WHAT IS BEING ASKED:
In the entries below, find the line with "glass storage bowl" and the line with "Corsair HX1200i Shift". Repeat exactly everything between them, those two lines included, but not the pictures.

STUDY MATERIAL:
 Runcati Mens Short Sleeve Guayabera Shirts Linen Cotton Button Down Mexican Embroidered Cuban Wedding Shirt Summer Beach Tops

==

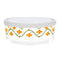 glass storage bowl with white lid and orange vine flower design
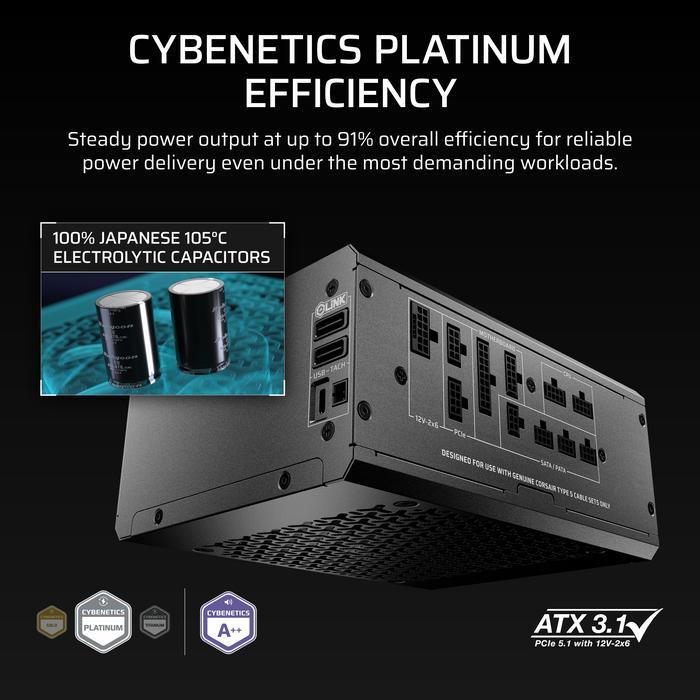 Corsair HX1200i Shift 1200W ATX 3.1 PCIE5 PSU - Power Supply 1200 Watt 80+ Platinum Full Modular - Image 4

---

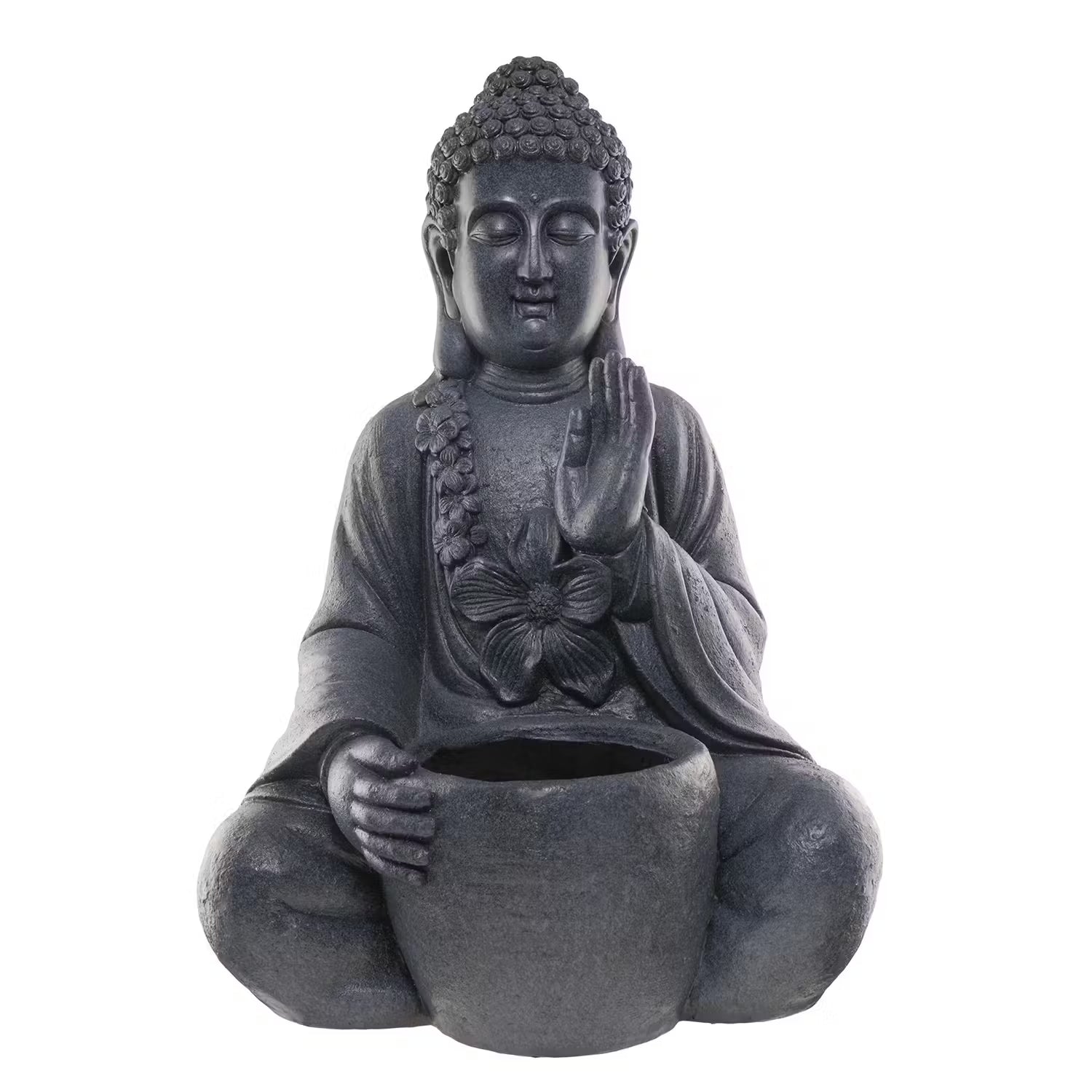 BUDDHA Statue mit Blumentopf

ANSWER TO THIS EXERCISE:
 glass storage bowl with white lid and orange vine flower design
 Corsair HX1200i Shift 1200W ATX 3.1 PCIE5 PSU - Power Supply 1200 Watt 80+ Platinum Full Modular - Image 4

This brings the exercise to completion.